# LOOKIN FOR AUSSIES



## ozsmoke (Sep 29, 2012)

Hey there, Im a tree lopper from Brisbane, Australia lookin for local knowledge about woods for smokin. Can anyone help or point me in the right direction? cheers


----------



## moikel (Oct 2, 2012)

Mate all the fruit woods are fine,citrus,avocado,peach, mango,.Nut woods ditto. Gum can be tricky.Ironbark & redgum really popular with wood fired pizza makers so cant see why not for smoking.


----------



## ozsmoke (Oct 3, 2012)

Cheers fella..!


----------



## moikel (Oct 4, 2012)

No problem.Pecan is popular as well as maple all available in pellets from misty gully.com.au.There are 5 wood fired pizza places in my very Italian suburb they all get the same delivery guy & its always red /grey ironbark . Apple also popular if you can find an orchardist. Cheers MICK


----------



## ozsmoke (Oct 5, 2012)

Hey Mick, scored some ironbark and guava from work yesterday. Theres plenty of fruit n nut trees up here (mango, avocado, citrus, macadamia etc) but unfortunately dont think apple is one of them.  Also I've recently read that some will use 'green' timber for smoke but im not convinced, what are your thoughts on this??


----------



## moikel (Oct 5, 2012)

Mate I am really wary about "green" because of the sap/oil = creosote residue. I have seen/eaten a fair bit of food grilled over vine cuttings & pruned branches but always after they have sat for bit.Olive cuttings are just brilliant but they need to dry a bit ,just my 2 bobs worth you understand .
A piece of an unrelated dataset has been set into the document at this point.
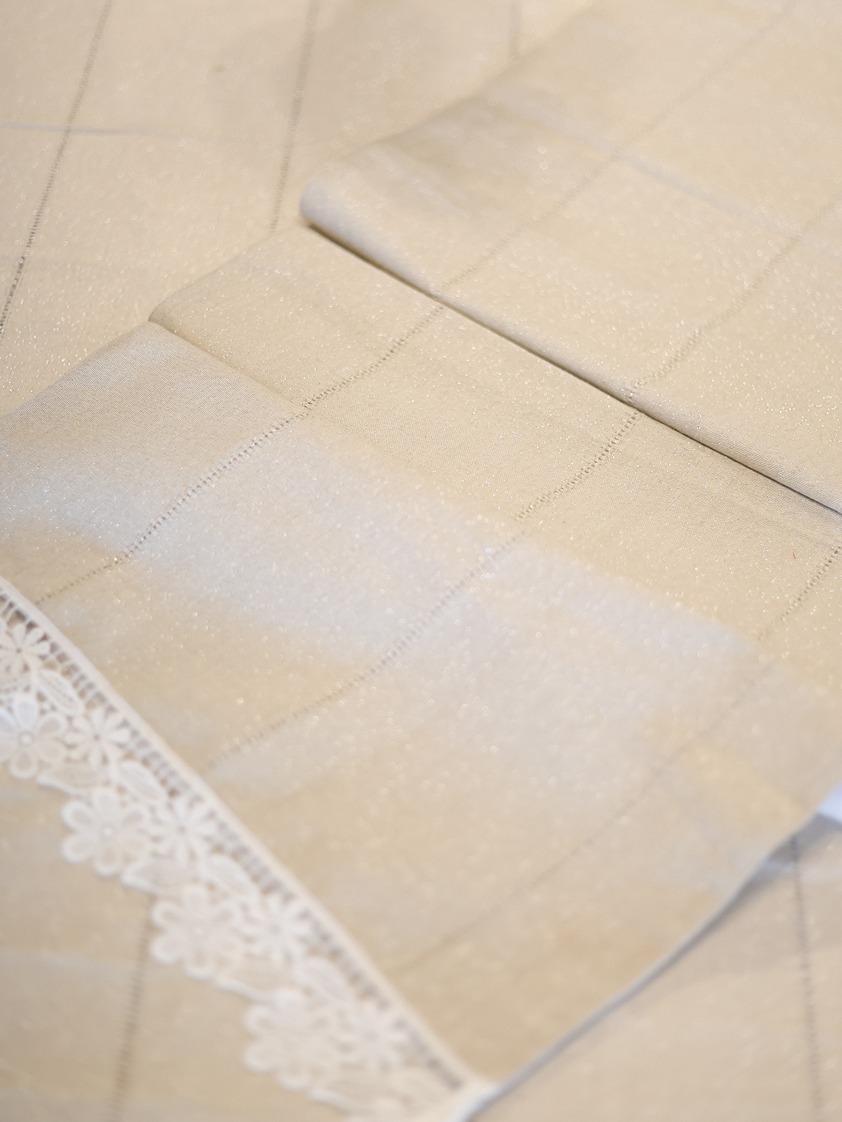 Table Runner - Beige shimmer with lace (Size: 14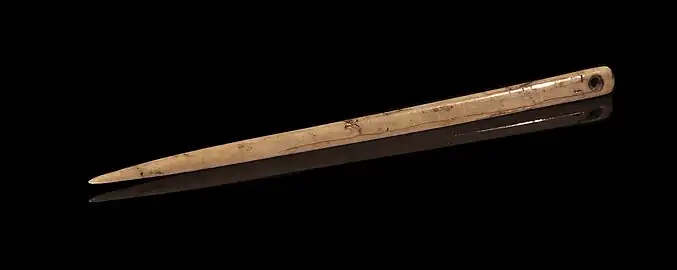 Aiguille en os du Magdalénien (période à laquelle correspond l'art de la grotte de Lascaux et d'Altamira), (17 000-12 000 BP).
I really like apple & similiar for gentler smokes. I had a girlfriend from orchard country back in the day,apple,peach,cherry,plum it was lovely to BBQ with if you picked it out of the pile a few months after it was cut. Sat in the sun for a few months.Lamb chops & snags unbeatable. 

I watched Italians smoke salami here over grape,olive,fruit wood but they always used wood that had been sitting for a few months. I follow their lead .They have never steered me wrong. Hope this helps!


----------



## ozsmoke (Oct 5, 2012)

Thanks Mick appreciate your input- take it easy


----------